Well, regardless ABU knows what they are doing and wouldn't do anything illegal.
 
I read a quote on the article saying they thought that they were too masculine. These are diapers we are talking about here, for kids, the characters themselves aren't what I'd call masculine.
 
I'm so old that when my kids were still in diapers, Pampers had pictures of serial killers on their diapers. My son was especially fond of Ted Bundy diapers.
 
You may have a point here, but it could also be because Sesame Streets show was designed for preschooler kids (typically at an age where you don't wear diapers anymore), and some started to complain to their parents that they didn't want to watch a baby show because they remember seeing the Sesame Streets characters on their diapers when they were babies, or on their younger brothers or sisters diapers.
 
dogboy said:
I'm so old that when my kids were still in diapers, Pampers had pictures of serial killers on their diapers. My son was especially fond of Ted Bundy diapers.

The "It" Huggies with Pennywise the Clown were better. Babies potty-trained so fast with those...for some reason.
 
Whatever their crazy reason is, it's pretty stupid.
 
Slomo said:
Pampers doesn't market their diapers to babies, they market to the parents. And most millenials do expect to see more diversity than previous generations. Regardless if parents admit it or not (or even realise it), those character prints are what they want to see.

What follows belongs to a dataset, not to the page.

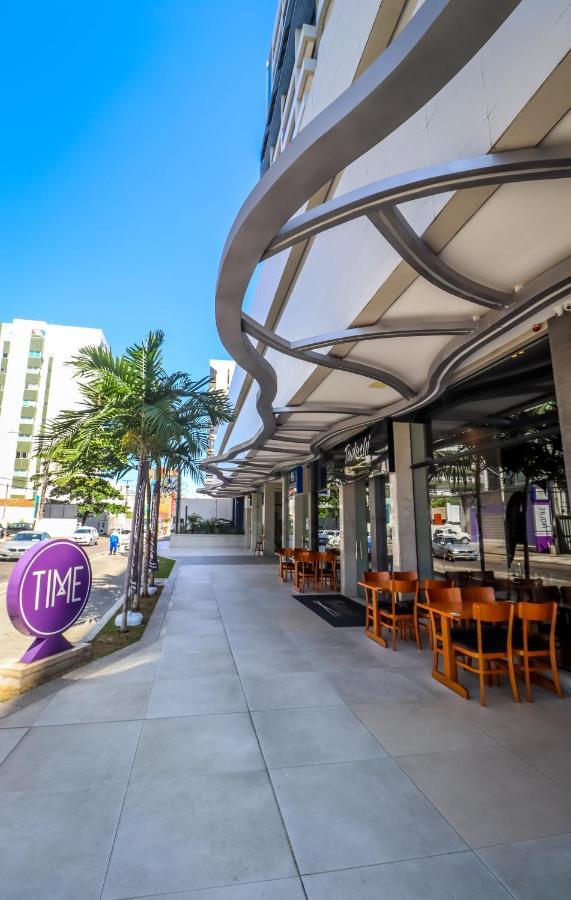 Apartahotel Edifício Time Ponta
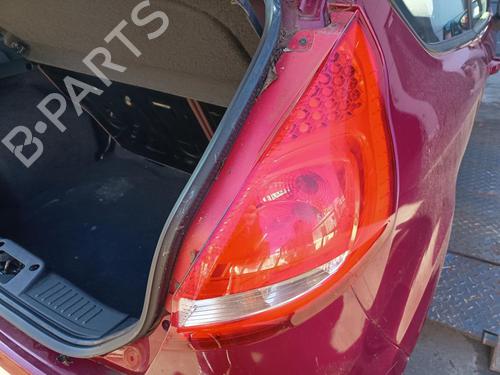 Piloto trasero derecho Piloto trasero derecho FORD FIESTA VI (CB1, CCN) 1.25 (60 hp) 33917398 33917398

I remember Pampers from my days in them and they were plain white. So what's the fuss about?
 
Lol - I would have thought royalties would have been the issue (to save money)but the unequal gender thing is simply A joke, remember babies are not born with bias, it’s us older people that teach them bias.
 
Argent said:
Bwahaha I knew it that diapees looking cute is actually an important thing to more than just ABDLs!

Next we will see P&G violating copyright and reproducing baby sized SDKs to try and win the parents back (don’t sell it back to them ABU!)

For years here in Oz the leading baby nappy has been Huggies with boy and girl versions available featuring Winnie the Pooh but now I see at the supermarkets non gender Huggies nappies with that evil Mickey rat (glad I don’t have any babies now to be wearing those.)

Are you talking about the Huggies Essentials? Pretty sure they just replaced the snugglers nappies with those instead.
 
Andybun said:
I remember Pampers from my days in them and they were plain white. So what's the fuss about?

If they were plain white now millennial parents would complain that it lacks diversity and the ACLU would file a federal suit claiming racial intolerance. We shouldn't be forcing that kind of stuff on infants. We need to sit down and have a conversation with our 6 month old and let them decide. LOL. (Note heavy sarcasm)

They would hold marches in the street and file petitions on change.org and create a witty yet irrelevant hash tag campaign and probably loot a walgreens.
 
Parents probably think their kid looks "cuter" in a printed diaper vs an all-white diaper. And as mentioned above, it's the parents making the purchasing decisions that drive the design.